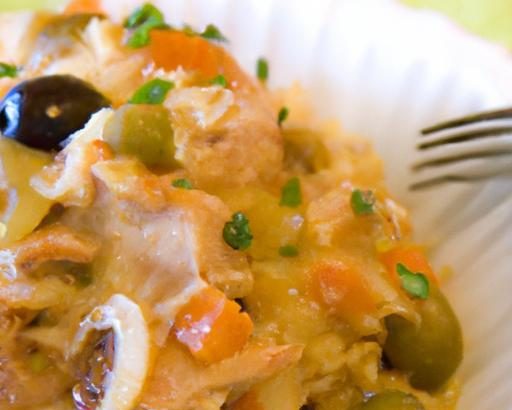 Hearty Chicken and Rice Bake: Comfort in Every Spoonful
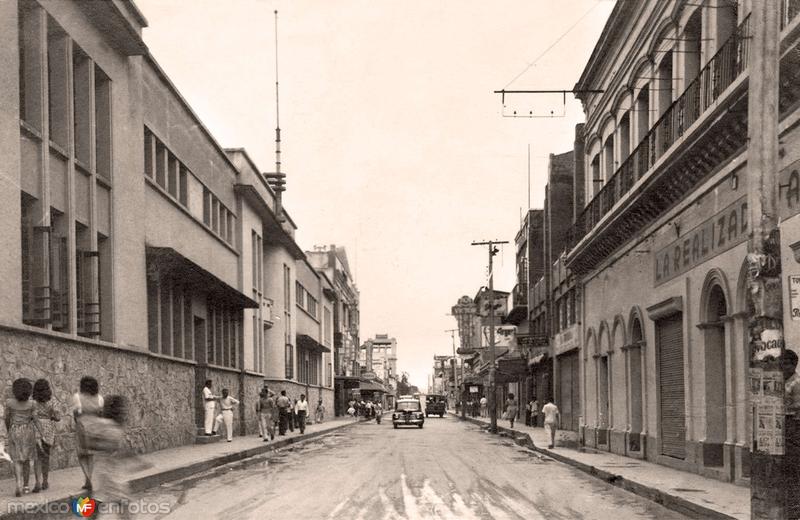 Mazatlán, calle principal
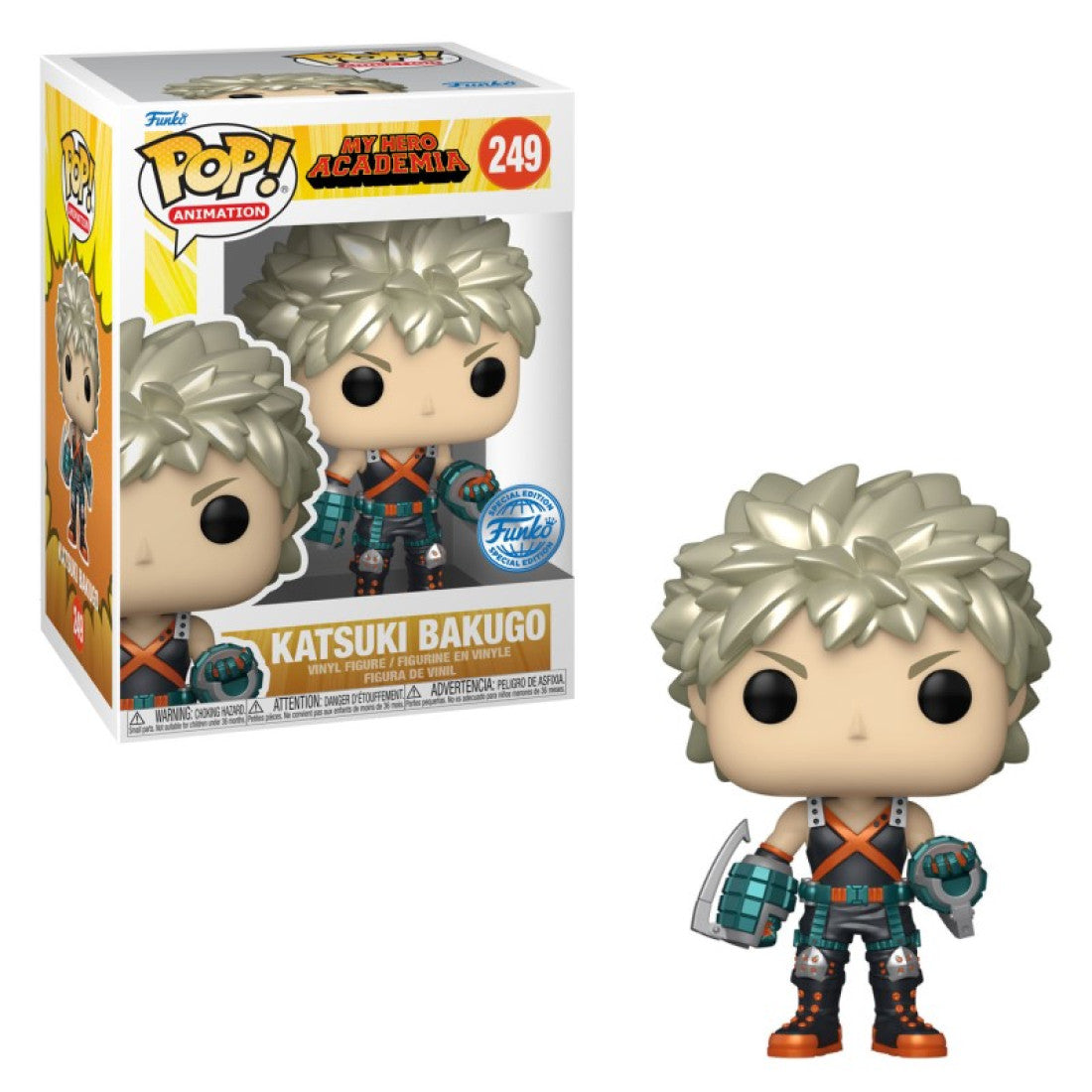 pop katsuki bakugo 249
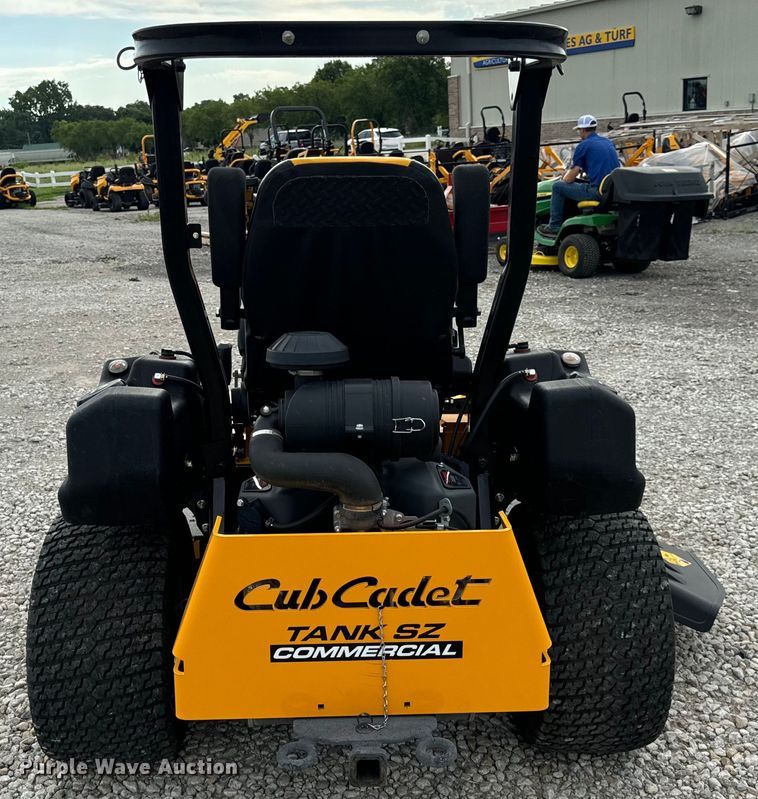 image for item EH6956 2015 Cub Cadet Tank SZ60 ZTR lawn mower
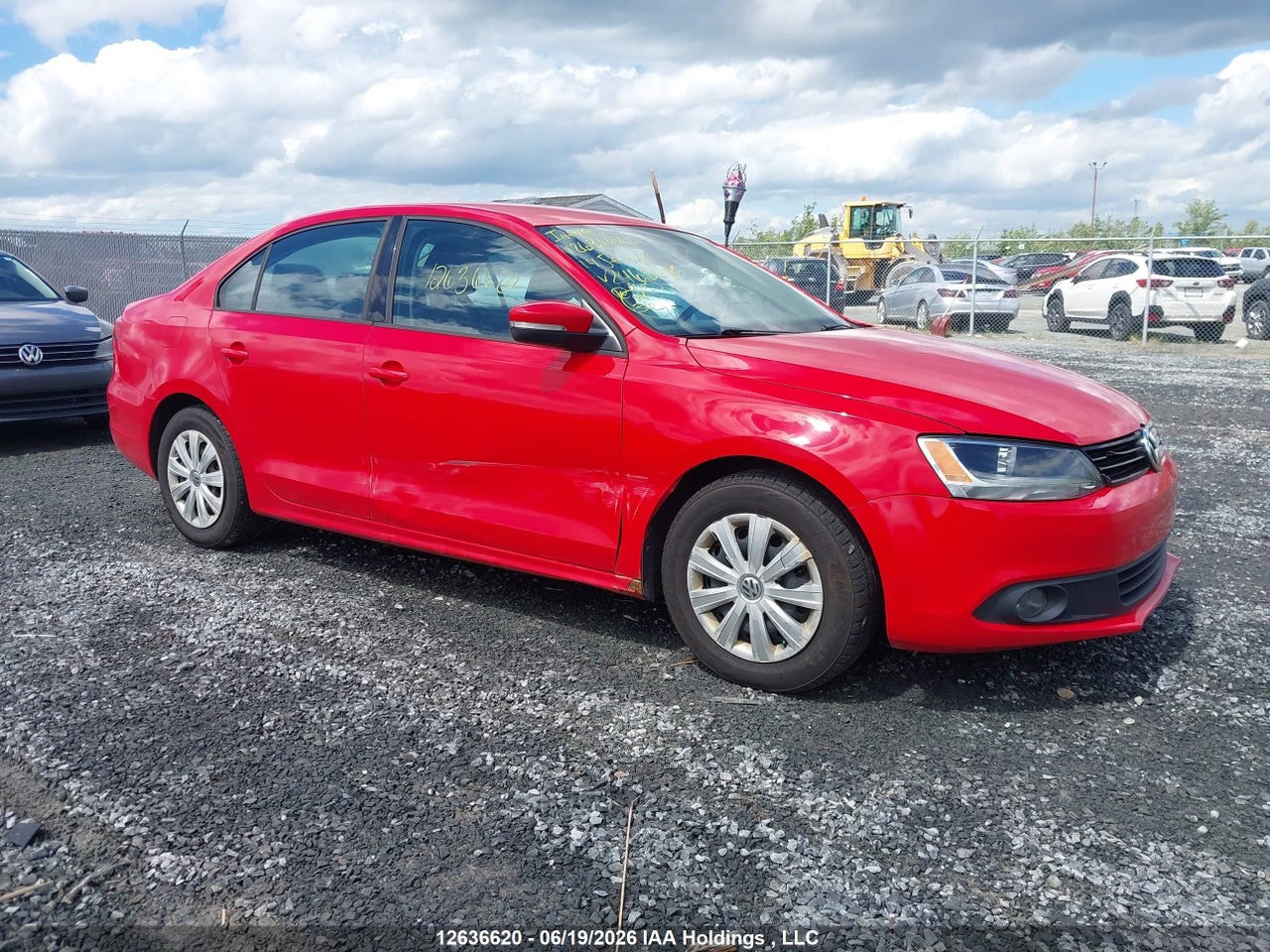 3VW2K7AJ7EM246368 · 2014 VOLKSWAGEN JETTA 2.0L TRENDLINE+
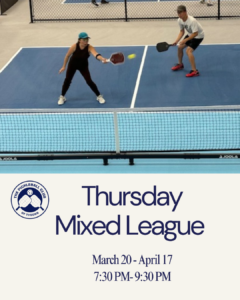 leagues mixed doubles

§

#### Prompt:
Write out the entries again, exactly as given, skipping any images.

#### Completed exercise:
 Hearty Chicken and Rice Bake: Comfort in Every Spoonful
 Mazatlán, calle principal
 pop katsuki bakugo 249
 image for item EH6956 2015 Cub Cadet Tank SZ60 ZTR lawn mower
 3VW2K7AJ7EM246368 · 2014 VOLKSWAGEN JETTA 2.0L TRENDLINE+
 leagues mixed doubles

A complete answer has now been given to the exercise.